I love technology.
Good. Now that that’s out of the way, allow me to clarify. I love good
technology. Jetpacks. Flying cars. Meal-in-a-pill. Not good. These won’t fly (some of them literally) because they don’t meet all of the criteria of good technology.
Consider that in order to move all the way from concept to prototype to marketable product, every idea has to pass through a succession of filters. Is the idea possible within the laws of physics as they’re currently understood? Then forget retro-causality (time machines), perpetual motion, faster than light travel/communication, etc. Do our existing, or soon to be existing, engineering capabilities, materials, tolerances, etc., allow us to realize the idea or will it remain on the drawing board for centuries, as did Leonardo da Vinci’s flying machines or Charles Babbage’s Difference Engine? Can a need be established? That is, can consumers, corporations, or the military be convinced this is something they must have? Because without a perceived need, it will surely go the way of the Edsel.
And what of other institutions? Regulatory bodies, insurers, political organizations and others must be persuaded to support or at least tolerate and accept the new tech. And ultimately is this an idea that is right for its time? An invention must fit within the established mores, accepted behaviors and realities of user understanding and functionality. Without all of these, the idea will die stillborn. Given all this, it may seem a miracle any new tech ever comes to life and gets the opportunity to walk the earth, even if only for a few years.
So all this said, I’m going to forecast that the revisited concept of a wrist-worn computer in the form of a smartwatch, be it an iWatch, a Pebble, or what have you, will be very short-lived. Don’t get me wrong. These are going to be pushed into the market because so many corporations have jumped on the bandwagon and they all smell profit. But really, most of this Dick Tracy, two-way radio concept was technologically feasible over a decade ago. That’s when these companies should’ve been pushing it. Not now, just when all manner of head mounted displays (HMDs), such as Google Glass are just coming to market.

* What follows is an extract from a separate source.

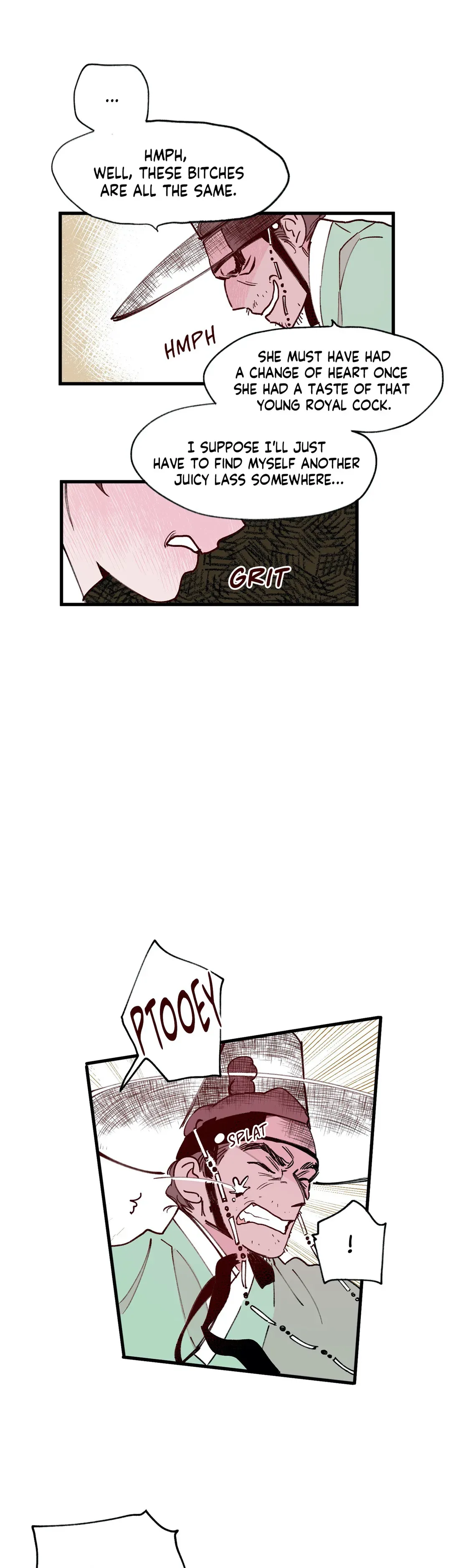 Blind Passion Chapter 17 page 14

Think about it: Why would anyone want to obviously look down at their wrist instead of surreptitiously glancing at an eye level monitor? Why obliterate your view and call attention to yourself when snapping a picture, when you could do it by subtly turning your head and issuing an eye-tracked command or vocal instruction – and soon a subvocal one? Why pass up the ability to have virtual images and data superimposed over the real world as augmented reality comes online? And WHY would you want to squint at an image so small it can fit on your wrist (or else be encumbered by an oversized wearable), when considerably better, larger display interfaces will be available? Short of projecting an image (creating all kinds of stabilization challenges), watches will remain limited in their usable display size, because of our eyes’ typical minimum focusing distance. In the meantime, HMDs, retinal displays, and in the next decade, active contact lenses, will provide ever-larger, more immersive display experiences.
Of course, HMDs will have their own challenges. We can’t ignore that for a time, there will be some resistance to the new headware. There are always those who reject the new because they feel threatened by it’s arrival. It’s natural and at times it may even be appropriate. But this isn’t one of those times. Turning to inferior technologies and interfaces is rarely a winning strategy. Ignoring the future never is.